ACTION ITEM:
As the answer, set down the lines below from the one containing "Axe Elite BBCOR" through the one containing "NÉOPRÈNE OTTOMAN CONTRECOLLÉ", exactly and inclusively, and no others.

RECORDS TO PROCESS:
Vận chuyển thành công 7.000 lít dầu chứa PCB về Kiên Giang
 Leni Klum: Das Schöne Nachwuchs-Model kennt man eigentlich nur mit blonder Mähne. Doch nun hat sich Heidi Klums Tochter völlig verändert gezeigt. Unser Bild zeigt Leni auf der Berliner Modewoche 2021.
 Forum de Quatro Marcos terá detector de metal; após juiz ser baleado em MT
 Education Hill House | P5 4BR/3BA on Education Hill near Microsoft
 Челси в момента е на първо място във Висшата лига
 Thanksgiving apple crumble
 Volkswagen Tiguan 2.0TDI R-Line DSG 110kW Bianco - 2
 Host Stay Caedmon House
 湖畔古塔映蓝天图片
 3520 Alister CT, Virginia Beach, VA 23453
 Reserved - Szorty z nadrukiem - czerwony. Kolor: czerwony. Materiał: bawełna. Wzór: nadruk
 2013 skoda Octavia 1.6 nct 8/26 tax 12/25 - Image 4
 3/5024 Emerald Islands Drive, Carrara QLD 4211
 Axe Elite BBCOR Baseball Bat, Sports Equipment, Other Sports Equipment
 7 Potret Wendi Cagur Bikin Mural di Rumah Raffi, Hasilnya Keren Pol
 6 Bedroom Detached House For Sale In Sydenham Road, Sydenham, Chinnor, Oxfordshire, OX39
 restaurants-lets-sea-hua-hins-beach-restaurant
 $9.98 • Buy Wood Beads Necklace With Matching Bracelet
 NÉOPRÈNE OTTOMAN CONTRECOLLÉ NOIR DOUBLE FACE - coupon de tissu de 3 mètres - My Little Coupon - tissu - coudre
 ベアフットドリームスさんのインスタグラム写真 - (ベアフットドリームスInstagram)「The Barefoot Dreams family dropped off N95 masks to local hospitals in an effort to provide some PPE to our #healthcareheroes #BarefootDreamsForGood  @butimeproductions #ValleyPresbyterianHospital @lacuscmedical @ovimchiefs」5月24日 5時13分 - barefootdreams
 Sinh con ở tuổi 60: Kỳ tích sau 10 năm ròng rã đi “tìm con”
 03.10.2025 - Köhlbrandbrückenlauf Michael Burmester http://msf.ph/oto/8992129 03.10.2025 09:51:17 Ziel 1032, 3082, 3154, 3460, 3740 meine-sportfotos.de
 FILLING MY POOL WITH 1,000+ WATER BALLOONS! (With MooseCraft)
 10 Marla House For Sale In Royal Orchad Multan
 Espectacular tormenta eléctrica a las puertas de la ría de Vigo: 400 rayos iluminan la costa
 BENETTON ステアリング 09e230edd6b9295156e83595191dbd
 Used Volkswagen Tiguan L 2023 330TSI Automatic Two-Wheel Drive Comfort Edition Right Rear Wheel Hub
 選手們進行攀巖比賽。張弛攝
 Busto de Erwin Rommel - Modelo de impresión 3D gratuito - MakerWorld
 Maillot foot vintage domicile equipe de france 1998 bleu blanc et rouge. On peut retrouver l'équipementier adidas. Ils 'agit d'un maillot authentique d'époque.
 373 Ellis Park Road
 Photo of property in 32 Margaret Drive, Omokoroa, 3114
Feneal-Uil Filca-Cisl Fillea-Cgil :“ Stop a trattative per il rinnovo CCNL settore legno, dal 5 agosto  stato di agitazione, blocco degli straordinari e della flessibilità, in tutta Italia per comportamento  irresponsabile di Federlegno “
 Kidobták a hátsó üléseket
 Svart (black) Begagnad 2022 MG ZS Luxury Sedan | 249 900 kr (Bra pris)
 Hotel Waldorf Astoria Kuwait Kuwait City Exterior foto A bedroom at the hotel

OUTPUT FOR THIS TASK:
 Axe Elite BBCOR Baseball Bat, Sports Equipment, Other Sports Equipment
 7 Potret Wendi Cagur Bikin Mural di Rumah Raffi, Hasilnya Keren Pol
 6 Bedroom Detached House For Sale In Sydenham Road, Sydenham, Chinnor, Oxfordshire, OX39
 restaurants-lets-sea-hua-hins-beach-restaurant
 $9.98 • Buy Wood Beads Necklace With Matching Bracelet
 NÉOPRÈNE OTTOMAN CONTRECOLLÉ NOIR DOUBLE FACE - coupon de tissu de 3 mètres - My Little Coupon - tissu - coudre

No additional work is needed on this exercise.